Machtkampf
Interims-Regierungschef in Haiti tritt zurück

19.07.2021 | Stand 20.07.2021, 7:02 Uhr

Claude Joseph, Übergangs-Premierminister in Haiti, spricht während einer Pressekonferenz. Foto: Joseph Odelyn/AP/dpa

Haiti hat seit rund anderthalb Jahren kein beschlussfähiges Parlament.

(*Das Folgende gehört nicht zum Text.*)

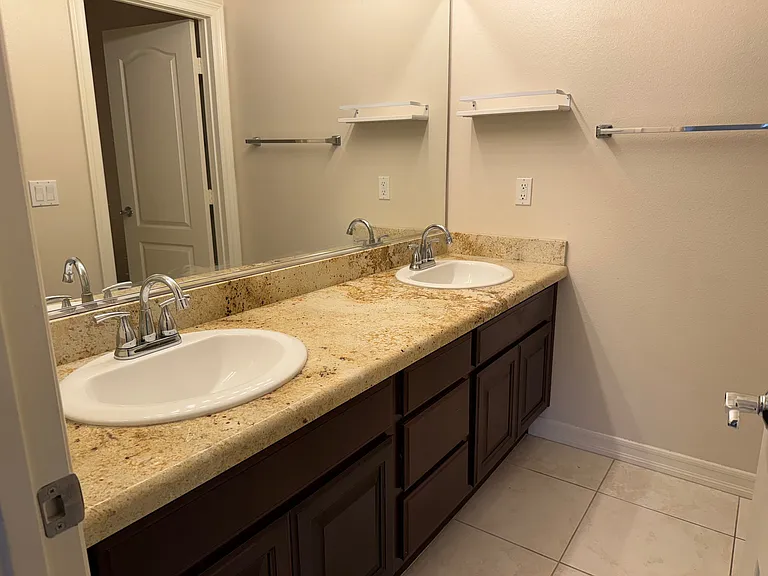 10410 Duxbury Ln #6 — Photo 33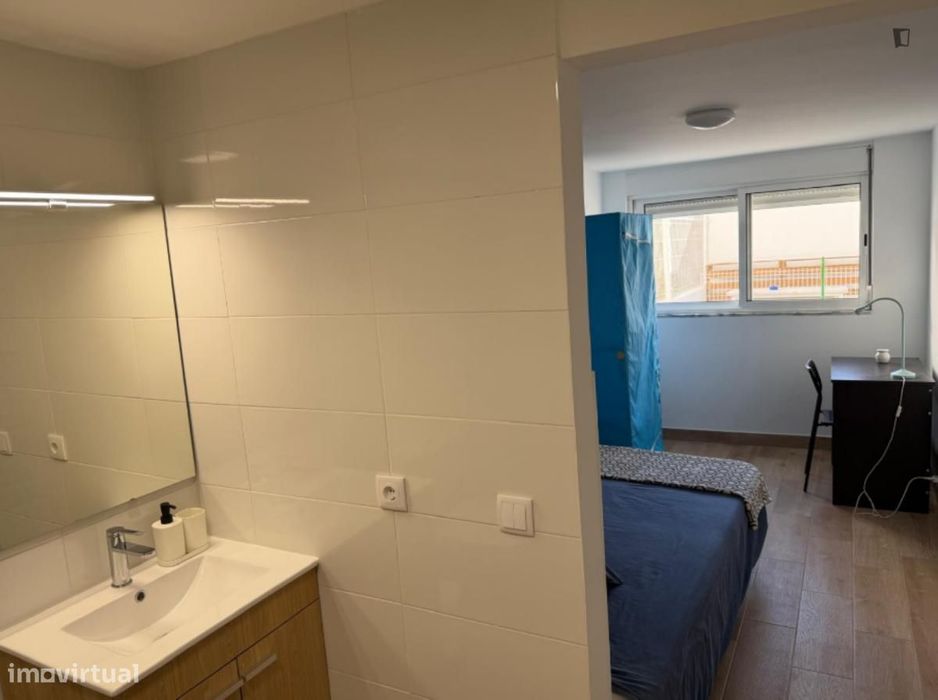 Quarto - localizado em Paranhos Porto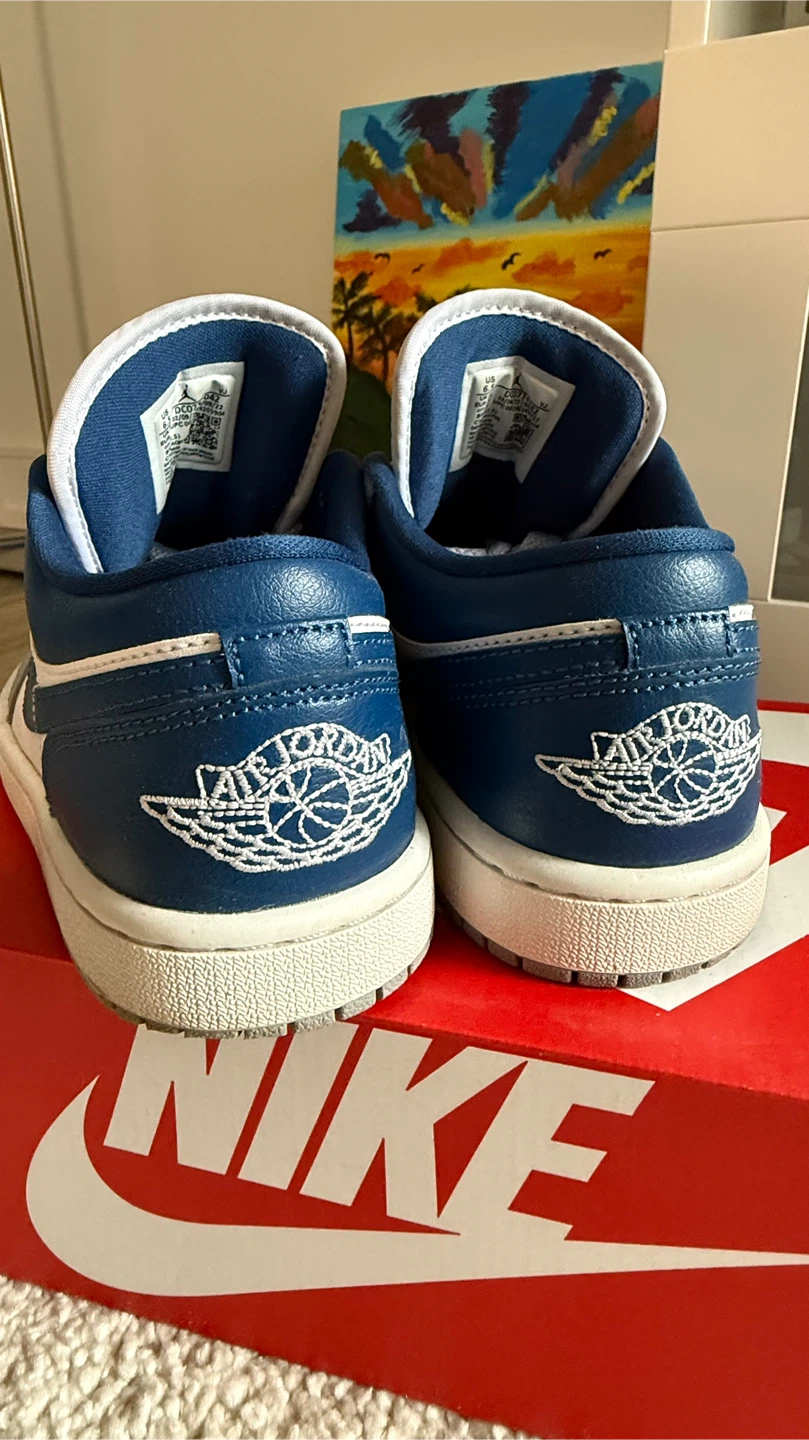 Air Jordan 1 Low – French Blue (Women’s 6.5) - photo 2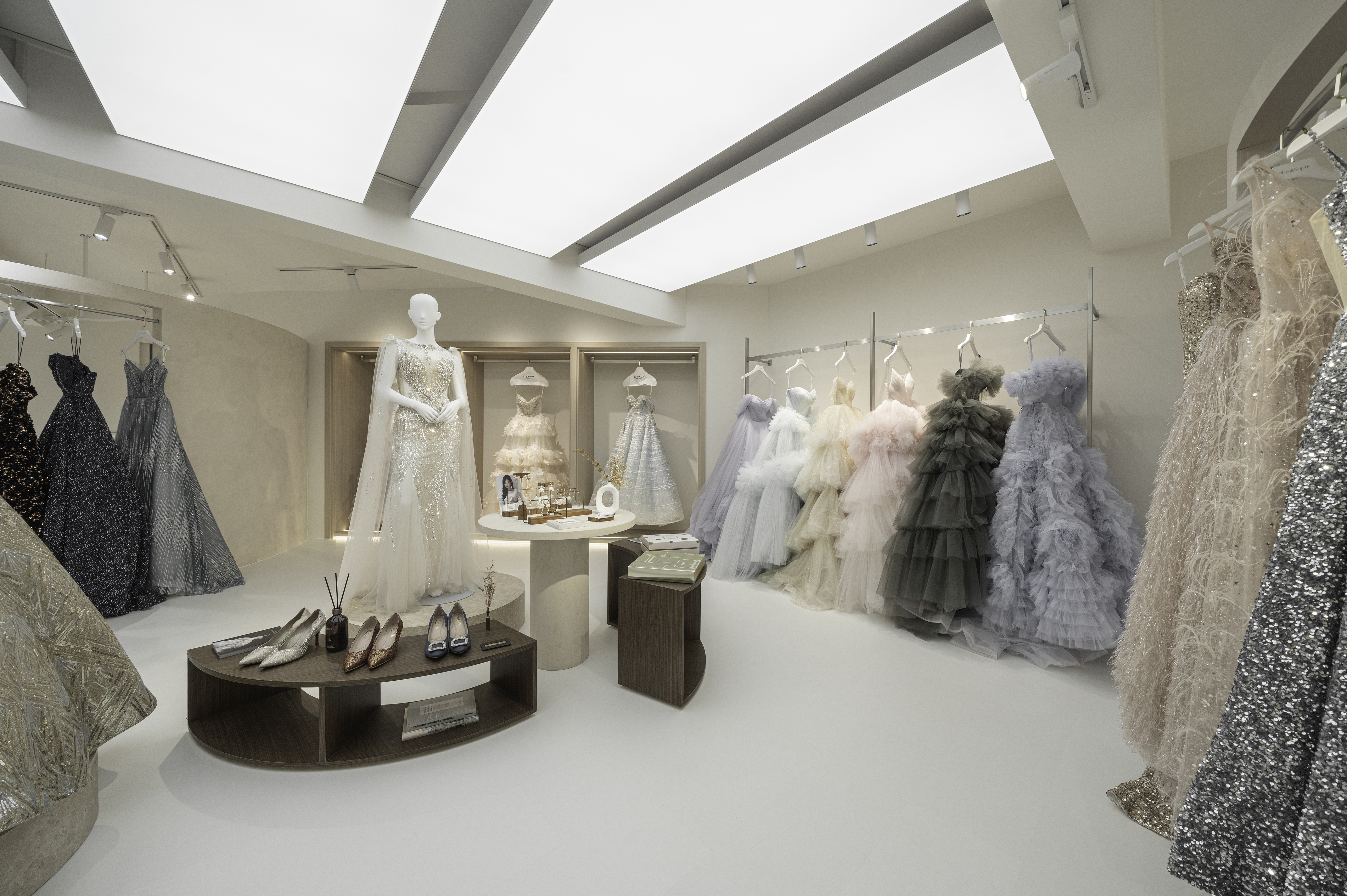 白宫婚纱试衣展厅丨中国台中丨Haven Space Design-11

Nach der Ermordung des Staatspräsidenten Moïse räumt nun Übergangs-Premier Claude Joseph seinen Posten.

Haitis Übergangs-Premierminister Claude Joseph gibt im Machtkampf nach der Ermordung des Staatspräsidenten Jovenel Moïse nach und wird zurücktreten.

Haitis Wahlminister Mathias Pierre bestätigte entsprechende Medienberichte am Montag der Deutschen Presse-Agentur. Joseph übergibt demnach am Dienstag das Amt an den Ex-Innenminister Ariel Henry, bleibt aber Außenminister. Moïse hatte Henry keine 36 Stunden vor seinem Tod zum Premierminister ernannt. Da Henry zum Zeitpunkt von Moïses Ermordung nicht vereidigt war, blieb der bisherige Premierminister und Außenminister Joseph im Amt. Er trete nun zum Wohle der Nation zurück, sagte Joseph am Montag der «Washington Post».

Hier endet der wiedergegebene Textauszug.